Copy each entry exactly, leaving nothing out.

[Source records]
:::::
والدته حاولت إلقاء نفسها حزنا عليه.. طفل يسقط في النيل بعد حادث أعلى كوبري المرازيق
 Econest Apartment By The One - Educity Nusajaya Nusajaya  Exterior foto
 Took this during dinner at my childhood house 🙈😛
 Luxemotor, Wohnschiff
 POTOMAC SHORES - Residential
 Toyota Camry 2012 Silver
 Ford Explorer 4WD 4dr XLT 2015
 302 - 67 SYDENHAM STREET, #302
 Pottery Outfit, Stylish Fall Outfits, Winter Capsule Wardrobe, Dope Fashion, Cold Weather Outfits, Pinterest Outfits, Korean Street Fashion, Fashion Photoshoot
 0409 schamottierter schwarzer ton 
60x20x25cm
:::::
[Output for this task]
والدته حاولت إلقاء نفسها حزنا عليه.. طفل يسقط في النيل بعد حادث أعلى كوبري المرازيق
 Econest Apartment By The One - Educity Nusajaya Nusajaya  Exterior foto
 Took this during dinner at my childhood house 🙈😛
 Luxemotor, Wohnschiff
 POTOMAC SHORES - Residential
 Toyota Camry 2012 Silver
 Ford Explorer 4WD 4dr XLT 2015
 302 - 67 SYDENHAM STREET, #302
 Pottery Outfit, Stylish Fall Outfits, Winter Capsule Wardrobe, Dope Fashion, Cold Weather Outfits, Pinterest Outfits, Korean Street Fashion, Fashion Photoshoot
 0409 schamottierter schwarzer ton 
60x20x25cm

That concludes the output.